可鹿兆鹏先生就不同了,纵然他对这场荒诞的婚姻有多不满意,可还是在新婚夜进了冷氏的身子,与冷氏有了仅仅一夜的夫妻之实。尽管只有一次,可结论就完全不同了。在我看来,那晚无论女方如何主动,你鹿兆鹏不是崇尚自由婚姻吗?不是不喜欢冷氏吗?不是已经计划好逃走了吗?不是已经决定了要与封建礼仪斗争到底吗?不是以圣人自居吗?可为什么,没能控制住荷尔蒙的分泌,没能控制住男人面对女人的那一点冲动?你的公然斗争是做给谁看的?没过得了自己这一关,前文的种种渲染都已惘然。

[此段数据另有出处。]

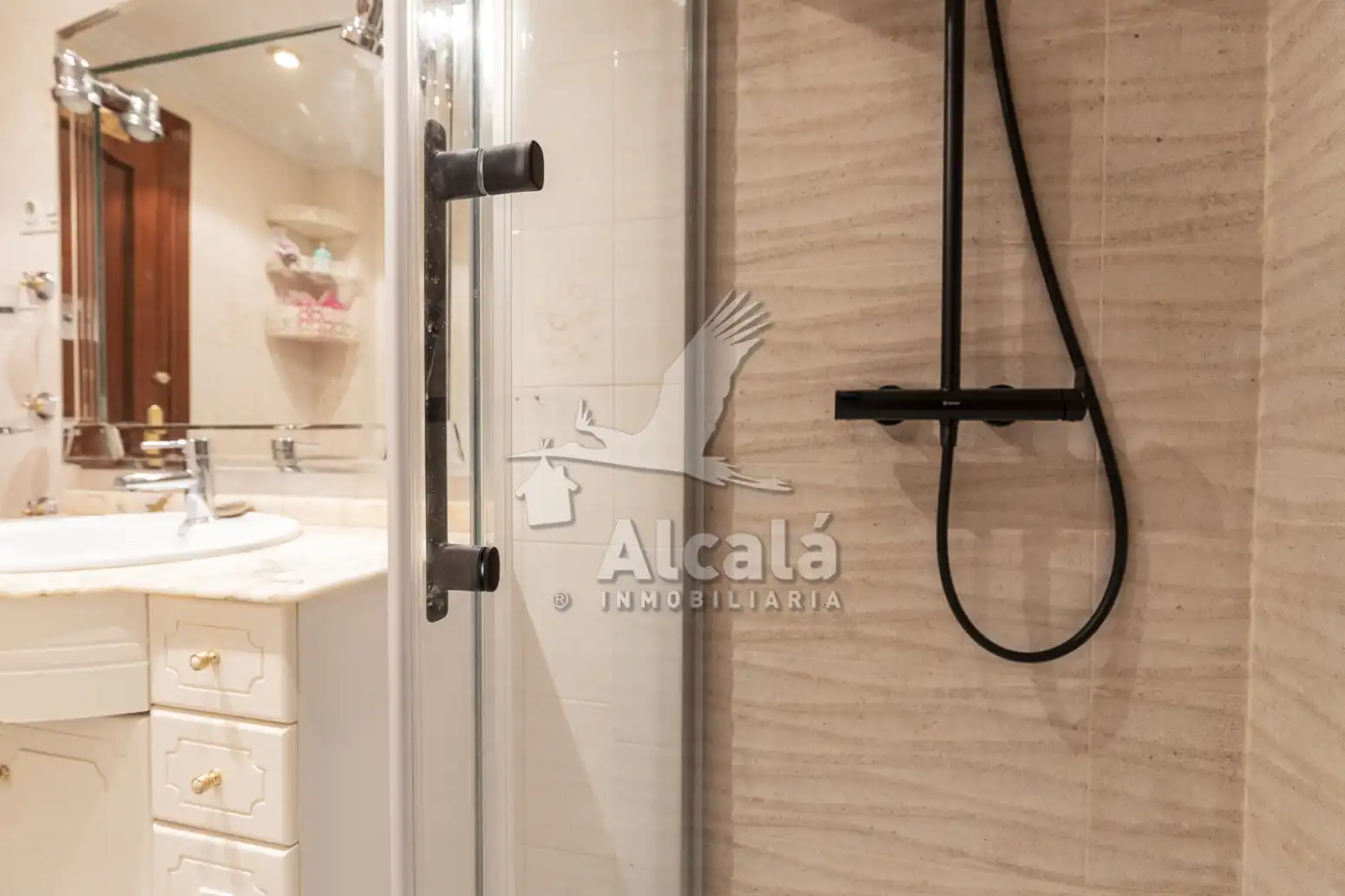 Badezimmer von Wohnung zum Verkauf in Alcalá de Henares mit Heizung und Terrasse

说到底,你鹿兆鹏做的不地道,决定好了出走,大可以让冷氏守身如玉,过了那晚,无论你睡没睡人家,乡民和你老子都不会再对你指指点点。可你偏偏没有,你是爽了一晚,然后拍屁股走人了,可冷氏呢?眼看着冷氏在有了一次男女欢愉的体验后,而不得不守寡终了,最后疯死,这样好吗?
鹿兆鹏走后,陈忠实在对冷氏有过这样的描写:冷氏在守寡的日子里,开始思春,甚至做过与黑娃、鹿子霖交媾的春梦,就连人人唾骂的田小娥也成了她羡慕的对象。我认为这样的描写是合理的,从人性出发、微妙的道出了冷氏的恪守妇道,纵使性压抑,也没有给鹿兆鹏头上泼过一丁点的脏水。

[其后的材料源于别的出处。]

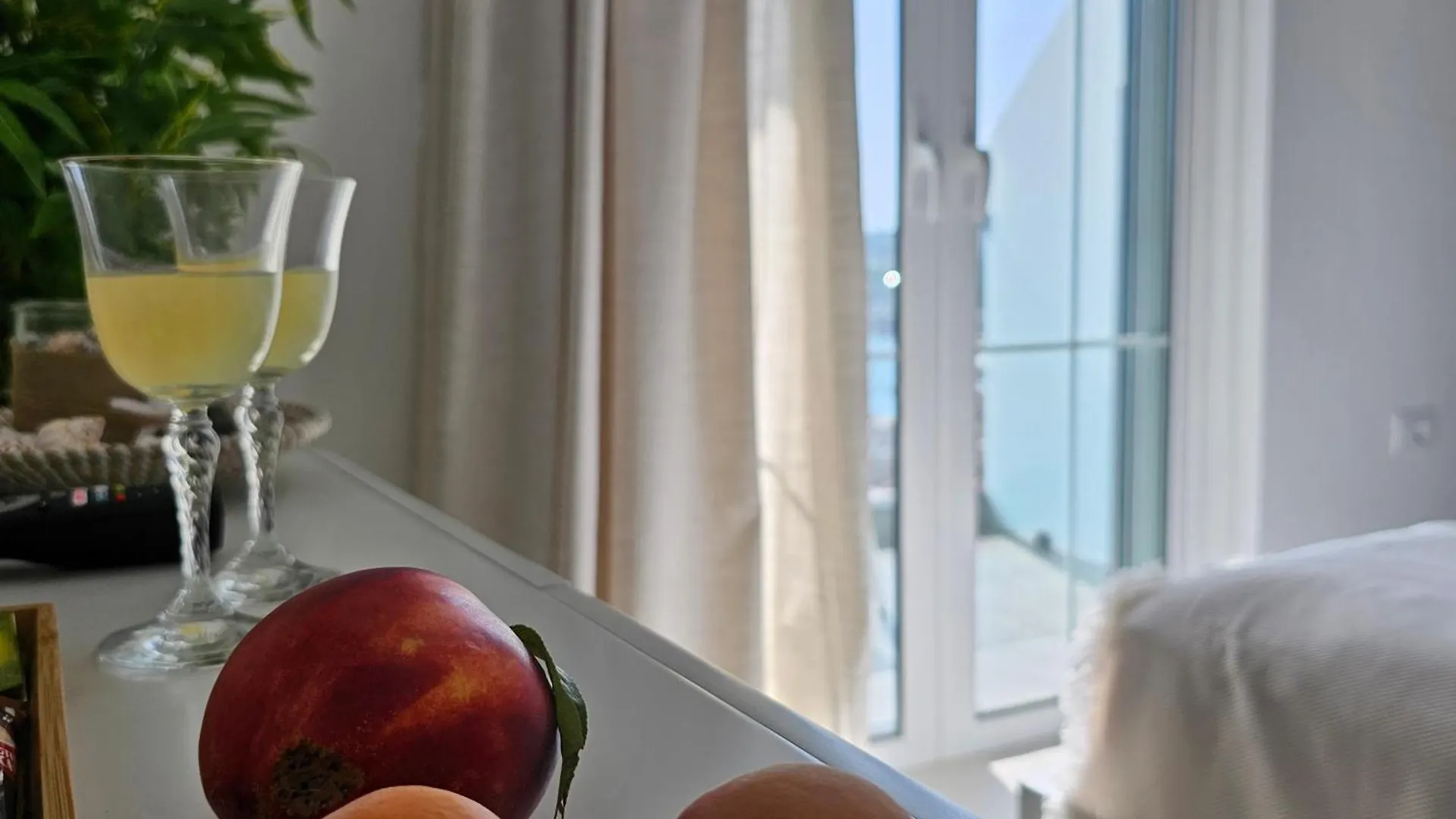 Pensión Ares Beachfront Luxury Rooms Sarandë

仅凭这点,我看不起鹿兆鹏,甚至以伪君子为其下了定论。
如果说,鹿兆鹏与冷氏的婚姻是封建礼仪的牺牲品,那么与白灵的自由婚姻总该是最好的结局了吧。可鹿兆鹏偏偏在与白灵的婚姻中也没能爷们一次,再一次祸害了一个有着纯粹报复的理想主义新女性。
鹿兆鹏的弟弟鹿兆海是喜欢白灵的,这一点白嘉轩知道,鹿子霖也知道,当然鹿兆鹏肯定也知道。我承认,白灵对鹿兆鹏是有爱情的,不过这种爱情更多的是崇拜。白灵把鹿兆鹏视为精神领袖,在那个特殊的年代,他们是有共同理想的人。
鹿兆鹏聪明,他自然看得出这一点。与其说鹿兆鹏挖了弟弟的墙角,我更愿意相信鹿是利用斗争需要而与白灵结婚以掩护身份,因为如果是前者,那陈忠实的立意就显得拙劣了。可无论是出于哪种无奈也好、崇高也好的原因,鹿兆鹏还是和白灵同居了,并且让白灵怀了孕。

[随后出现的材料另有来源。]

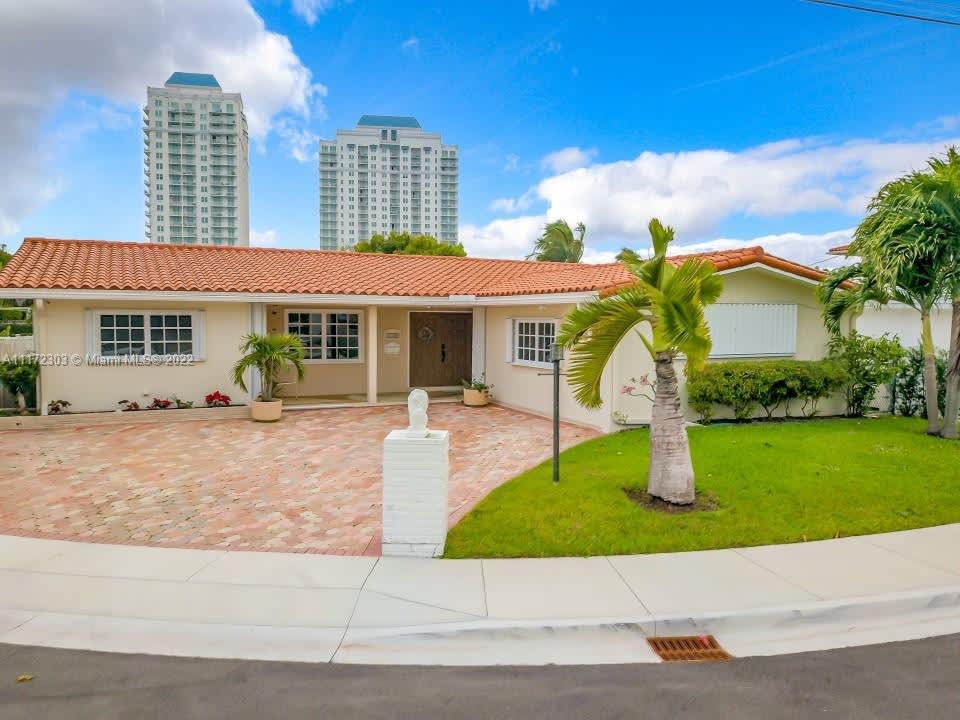1250 NE 82nd St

如果仅仅是这样,倒还正常,日子正常过,斗争正常搞,都无可厚非。可后来在肃反运动中,白灵被捕直到死于枯井,看看鹿兆鹏都干了啥。也许是陈忠实刻意为之,鹿兆鹏什么都没干,也许干了,只是作者没写,答案尽在读者心中。
这就是鹿兆鹏面对自己推崇的自由婚姻的态度,从人性的角度来看,白灵也是鹿兆鹏手中的牺牲品。也许鹿兆鹏有更大的事要干,可面对崇拜自己的白灵,这样未免有点残忍,有点自私,而且这残忍和自私看起来是那么的堂而皇之。
还好,白灵作为陈忠实笔下的极度理想主义者,早死似乎已是预料之中的事。这样美化了人格,也免去了幸免后再与鹿兆鹏见面,听到对方大义凛然的圆谎之词与尴尬和虚伪。都是点到为止的事,这么看,陈忠实的文思和笔法是精妙的。
面对自己一生中的两个女人尚且如此,至于利用黑娃的义气,喊着黑娃跟着自己一起闹农协革命而无奈逃走,做了土匪,以至于才有了后面的鹿子霖上了田小娥的炕,白孝文沾了田小娥的身子,鹿三捅死了田小娥,尸首被倒塌的窑洞掩埋的合理性悲剧,都是小意思了,不值一提。
鹿兆鹏是理想主义,可他的理想是建立在众多人物的悲苦人生之上的。说其自私,都是一种美化,作为公然挑战封建礼教婚姻的鹿兆鹏没能保持立场,作为追求自由婚姻的鹿兆鹏也没能守得住信念,矛盾吧,两边不讨好,真不如黑娃,甚至不如田小娥,人性的卑劣才是鹿兆鹏的本来面目。
鹿兆鹏的结局很有意思,作者没直截了当的写他死了,而是说他逃了,这就太精妙了。难道鹿兆鹏的一生不是在道德大旗和理想信念的掩护下各种逃走吗?如果非要找个词来概括鹿兆鹏,在我看来,唯伪君子而无它。
此文,仅为我看完原著《白鹿原》后对鹿兆鹏的主观评价,或有偏激、偏颇、偏执,还望大家指正,切莫攻击。